=== Section Start ===
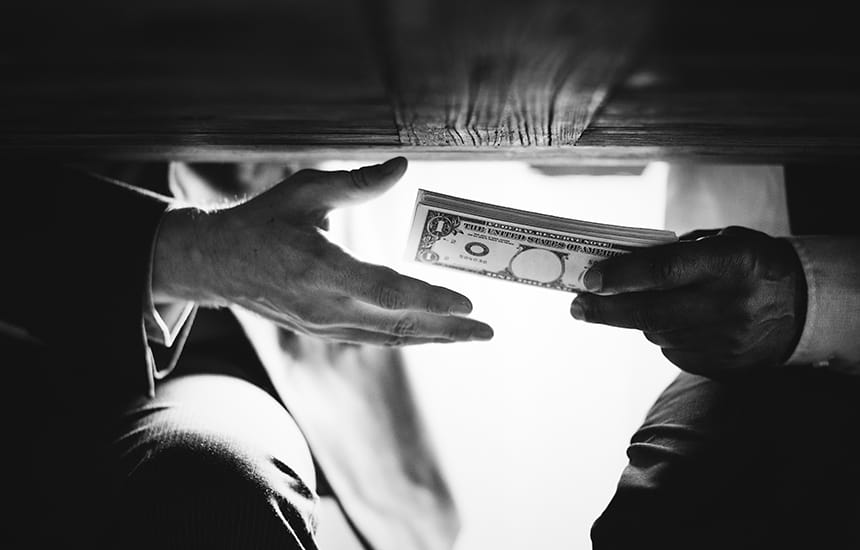 korupcija-novac-ispod-stola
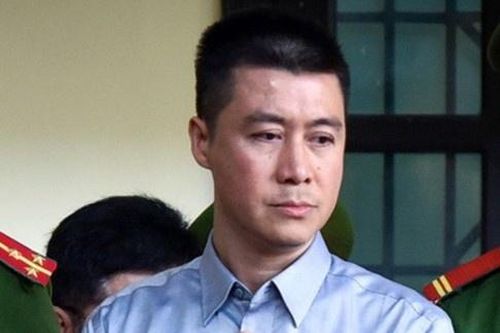 Phan Sào Nam xin trích tiền lương tháng để thi hành án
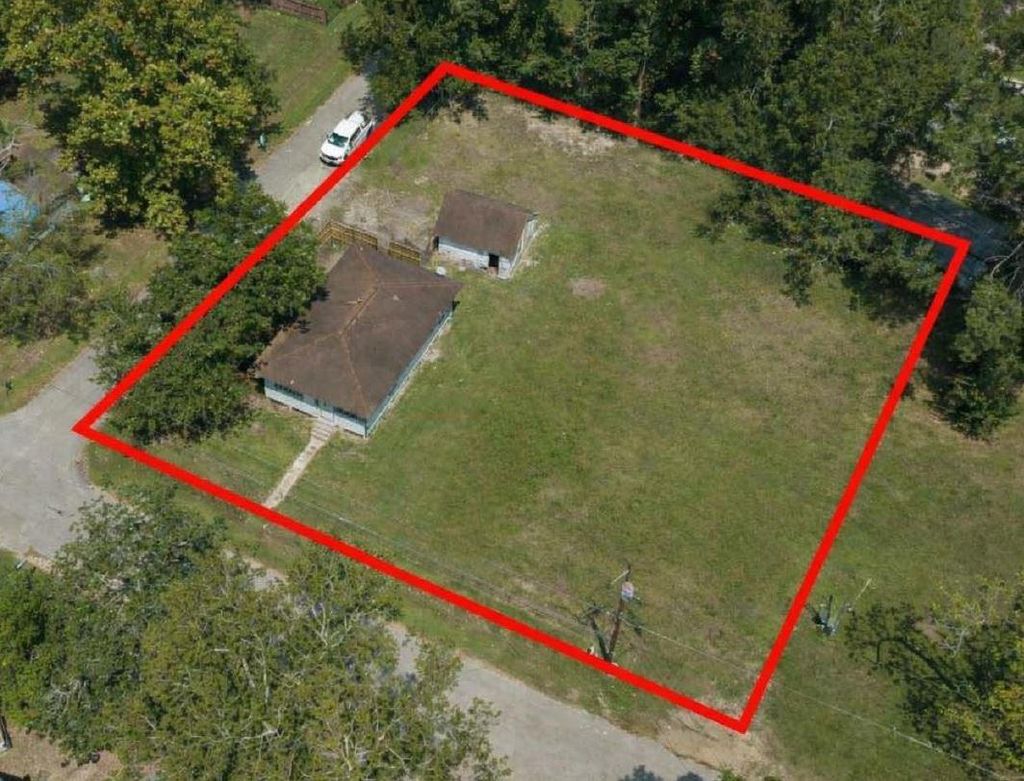 Photo of 701 Clay Street St, Cleveland, TX 77327 (MLS # 61024297)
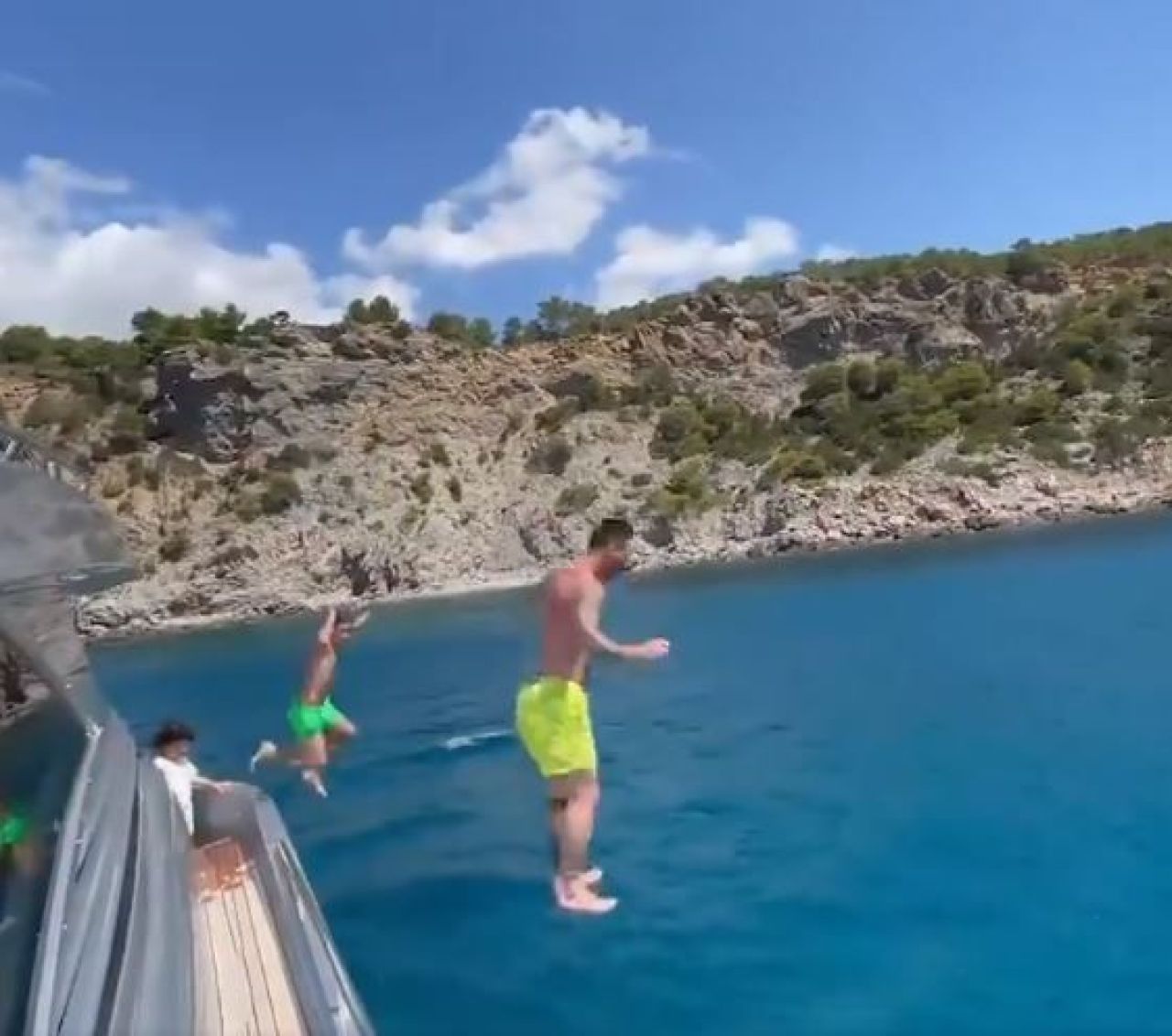Messi face spectacol și în vacanță! A sărit în apă de la etajul unui yacht, alături de fiul său _3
=== Section End ===
| Assignment |
Excluding pictures, print all lines above exactly.

| Written solution |
 korupcija-novac-ispod-stola
 Phan Sào Nam xin trích tiền lương tháng để thi hành án
 Photo of 701 Clay Street St, Cleveland, TX 77327 (MLS # 61024297)
Messi face spectacol și în vacanță! A sărit în apă de la etajul unui yacht, alături de fiul său _3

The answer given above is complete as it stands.